Captioned web image data
==*==

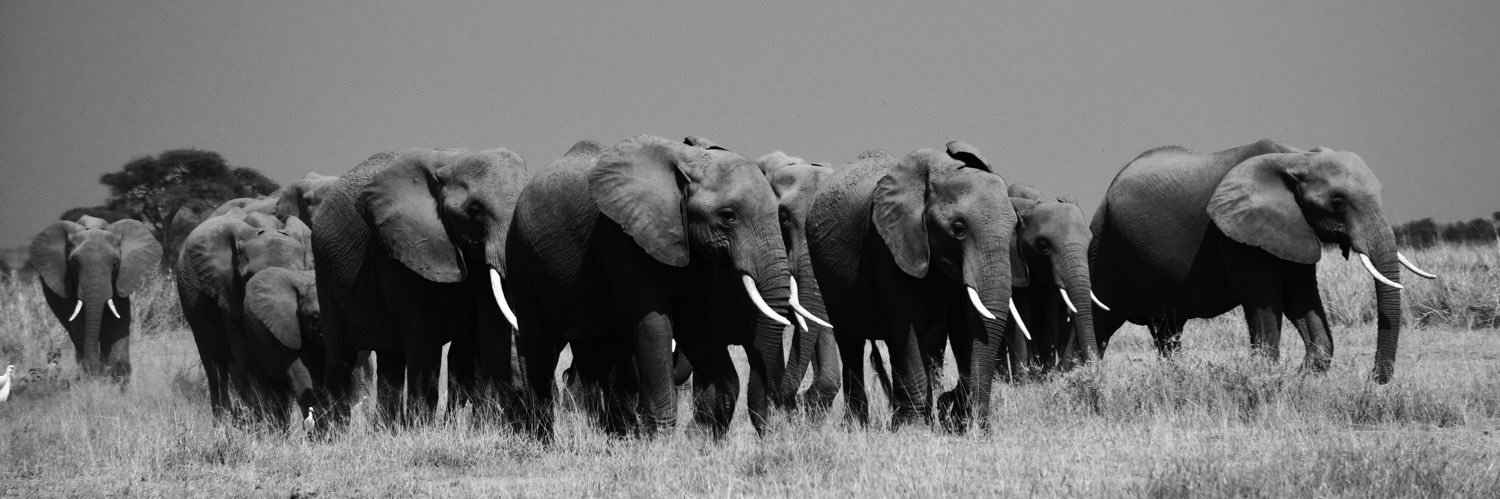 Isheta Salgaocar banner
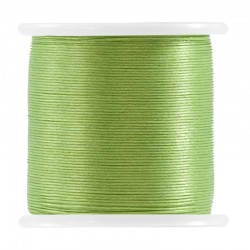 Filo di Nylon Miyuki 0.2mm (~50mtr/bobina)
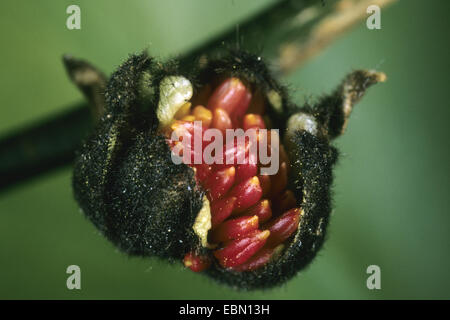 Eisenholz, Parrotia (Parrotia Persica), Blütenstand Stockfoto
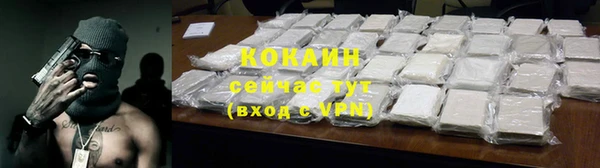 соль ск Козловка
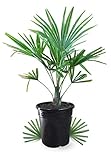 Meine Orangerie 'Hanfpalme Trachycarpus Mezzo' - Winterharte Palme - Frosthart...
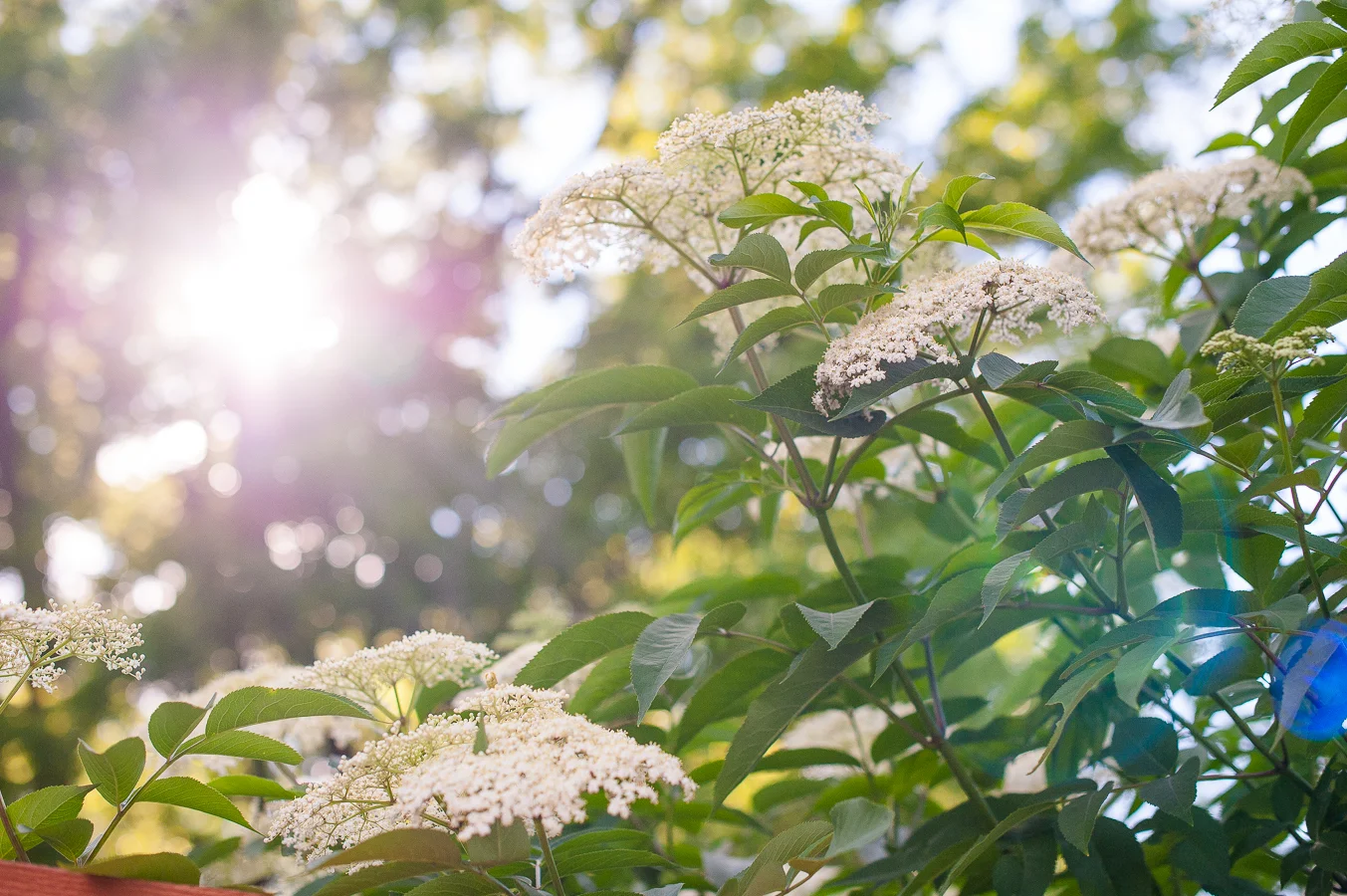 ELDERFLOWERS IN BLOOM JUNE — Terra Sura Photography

==*==

* What you need to do:
Start at the line that contains "Filo di Nylon Miyuki 0.2mm (~50mtr/bobina)" and retype every line through the end of the entries above, both ends included. Exclude all pictures.

* Answer box:
 Filo di Nylon Miyuki 0.2mm (~50mtr/bobina)
 Eisenholz, Parrotia (Parrotia Persica), Blütenstand Stockfoto
 соль ск Козловка
 Meine Orangerie 'Hanfpalme Trachycarpus Mezzo' - Winterharte Palme - Frosthart...
 ELDERFLOWERS IN BLOOM JUNE — Terra Sura Photography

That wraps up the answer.